When Gus travels in Japan,he could read the street/city names in Chinese characters.Yhe Japanese Buddhist Temples were built in out "Tang Dynasty" style with curve roof eaves.  Taking their underground was fun.
Reading their newspapers takes a bit of guessing with about 6---8 Chinese text in one sentence but I got the picture.
Gus is taking his "better half" to Osaka Feb 8----13  2013. Tokyu Hands here I come.The fishing tackle shops too.


----------



## Herbiev (Jan 2, 2013)

When I was doing my blacksmiths course our tutor used to use condemned crane cables, when heated he would include borax and very fine sand, then flatten, fold, flatten and fold several times. Ended up with a very long HSS parting blade.

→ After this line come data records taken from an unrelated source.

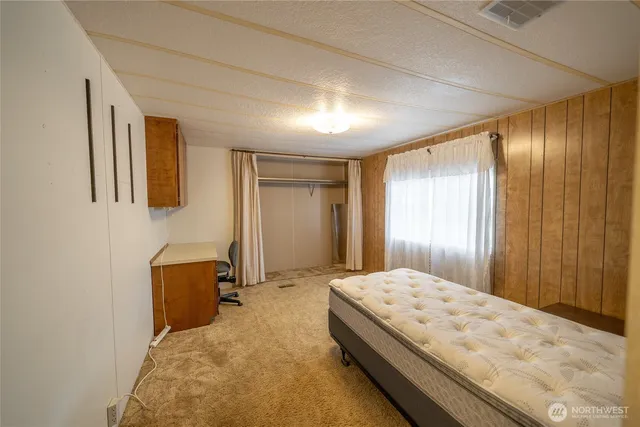 a bedroom with a bed and mirror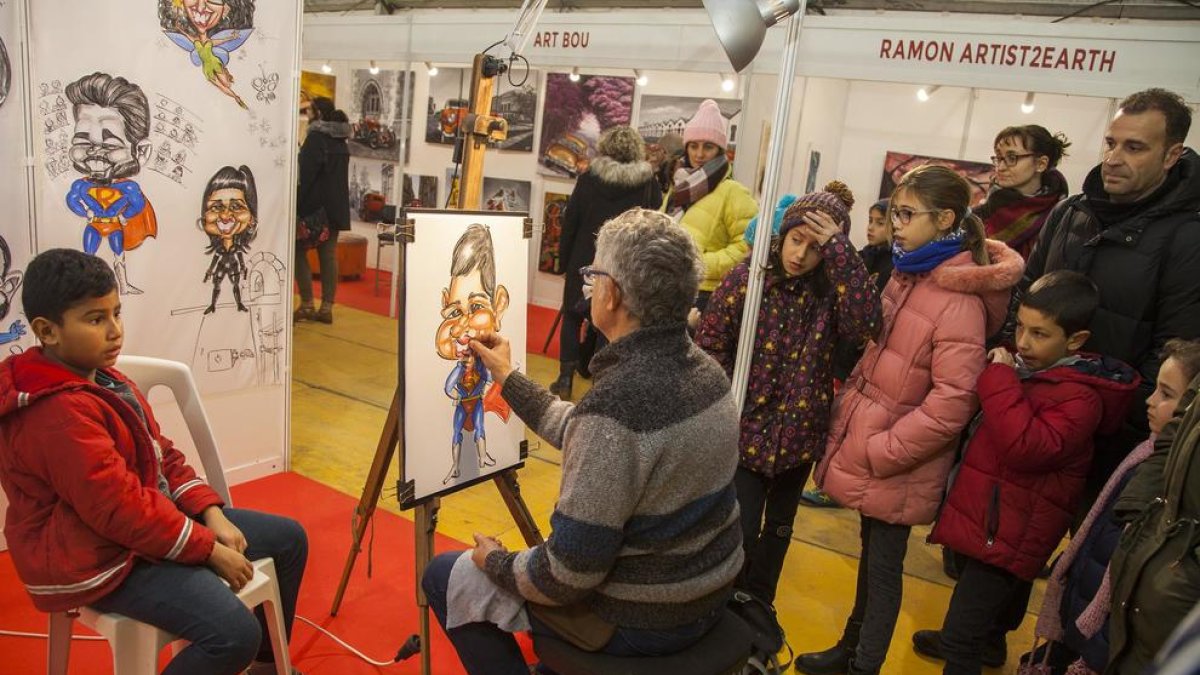 Uno de los artistas que participan en la muestra dibujando la caricatura de un niño.
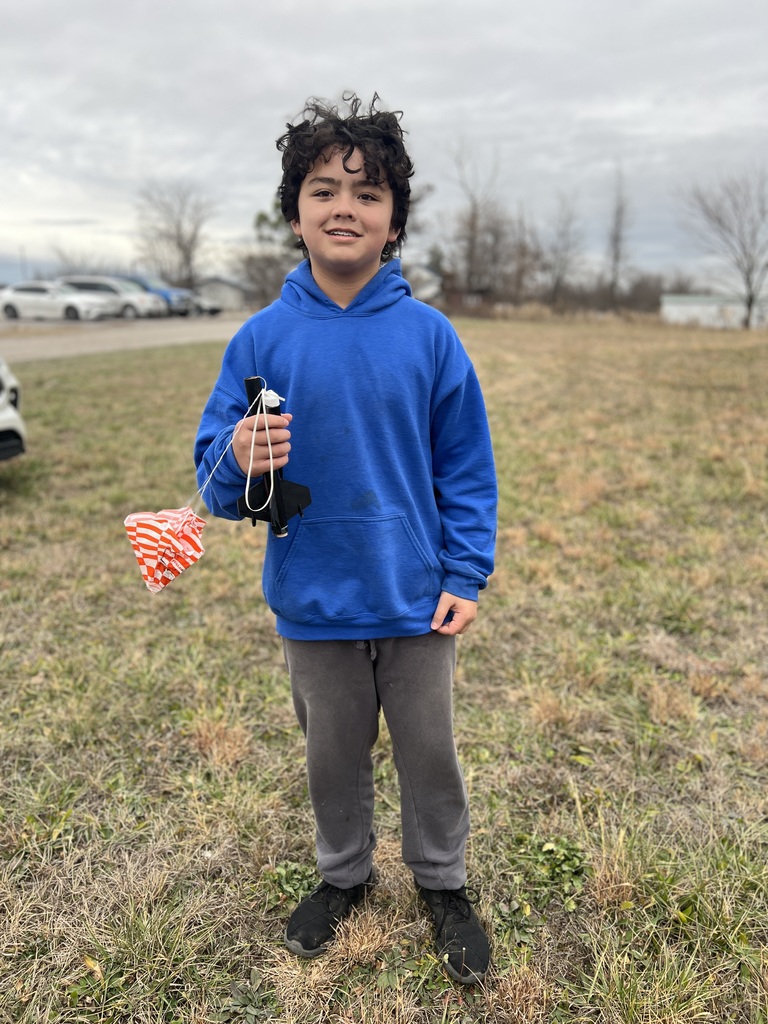 Students pose with rockets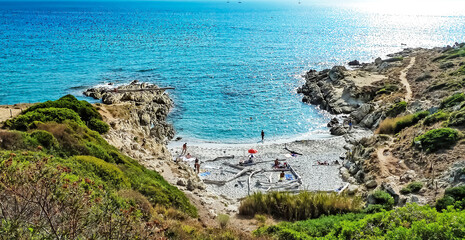 Wall Mural - Secluded small pebble sand beach between rocks on the french mediterranean sea near St. Tropez- l escalet, Ramatuelle, France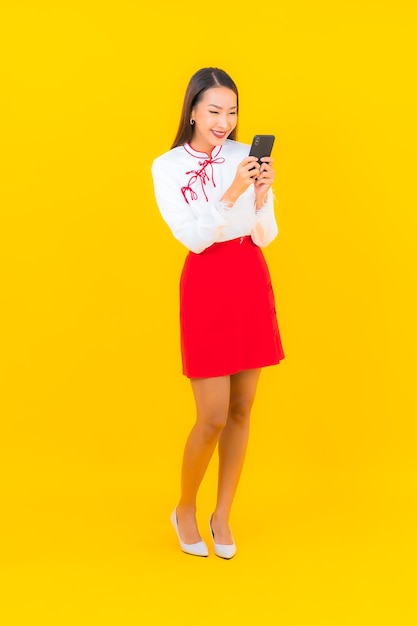 Retrato hermosa joven asiática con teléfono móvil inteligente en amarillo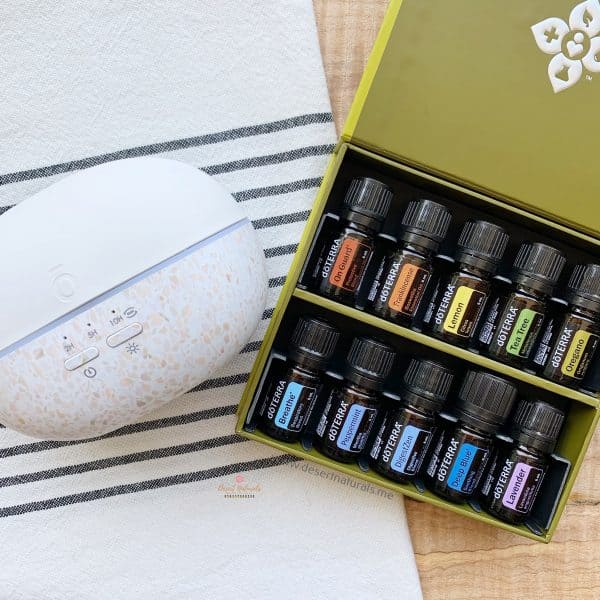 flat lay of doterra healthy start kit in box with the diffuser
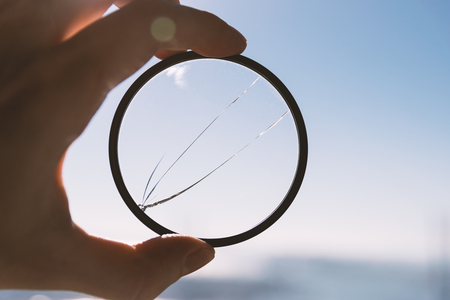 Hand hold broken photo-filter over blue sky background.の写真素材
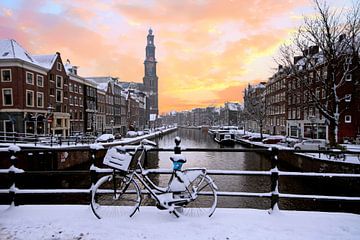 Amsterdam covered with snow with the Westerkerk in winter in the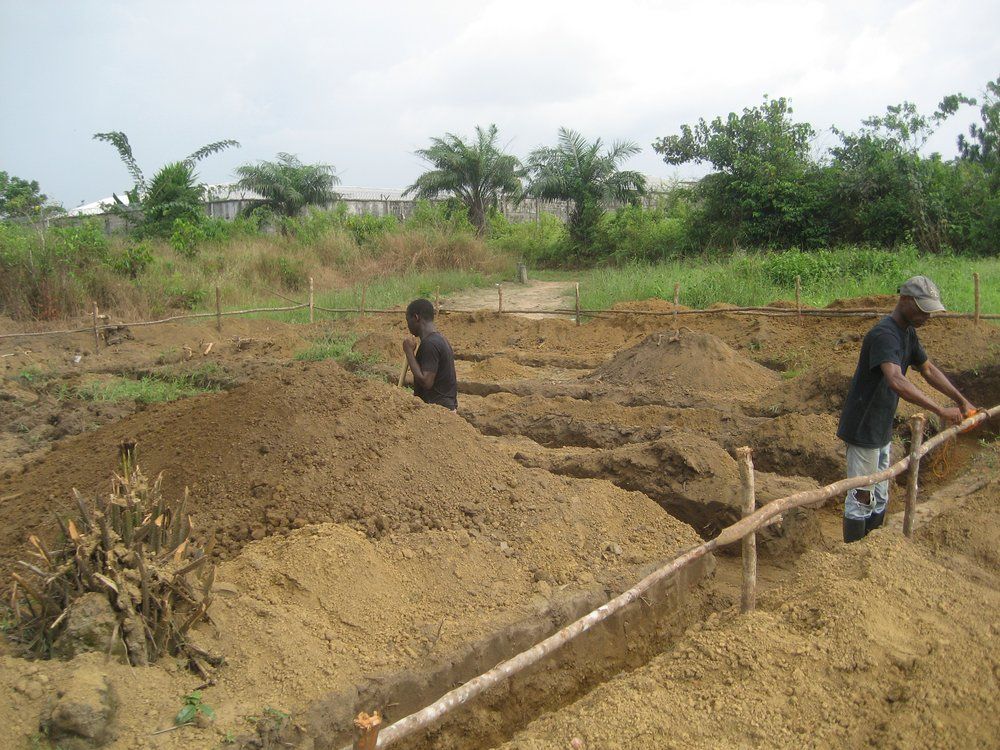 Two men are digging in the dirt in a field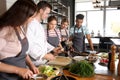 Chef and group of young people during cooking classes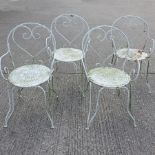A set of four white painted iron garden armchairs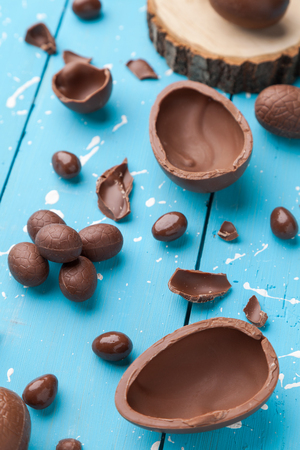 Delicious chocolate Easter bunny, eggs and sweets on rustic backgroundの写真素材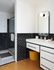 Contemporary bathroom with sleek black tiles, modern white vanity, and elegant glass shower enclosure.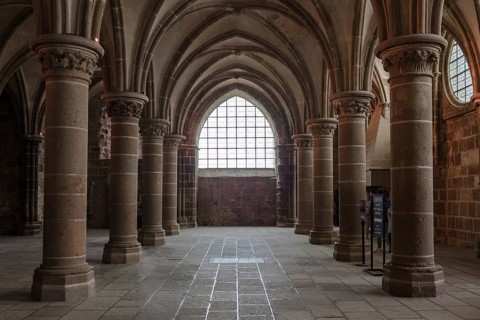 Gothic room with high columns and large windows, majestic, Le Mont-Saint-Michel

Magic to watch.


----------



## gus (Jan 3, 2013)

Herbiev said:


> When I was doing my blacksmiths course our tutor used to use condemned crane cables, when heated he would include borax and very fine sand, then flatten, fold, flatten and fold several times. Ended up with a very long HSS parting blade. Magic to watch.




Seeing is believing. 
Was on Singapore TV. The only surviving swordsmith in Southern Taiwan would put some human bones into the forge when the sword is in the last stage of taking final form. Was a family secret.Human bones have some traces of elements that the sword blank will absorbed and give it some properties etc.He swears by it. The material use was Spring Steel and its got to be ex-UK or ex-Germany.Another trade secret!!!!! Japanese spring steel not so good.


----------



## dman (Jan 3, 2013)

i would love to some day learn some ancient metal working. not that i believe i could master it or anything. i find it amazing they figured out forging, transformation temperatures, hardening and tempering, as well as precipitation of grain refining elements. all without instrumentation to monitor temperature or read hardness.


----------



## gus (Jan 20, 2015)

Some updates. 
While surfing the net,I trolled some interesting info from the Ming Dynasty(14----16th Century A.D.) period of China.In the 16th century,Japan was having more than its fair share of civil wars which made many Samurais into Ronins ( rogue samurais) and many of them became pirates raiding the then prosperous eastern Chinese coastal cities which export silk and porcelain to Europe and Middle East. 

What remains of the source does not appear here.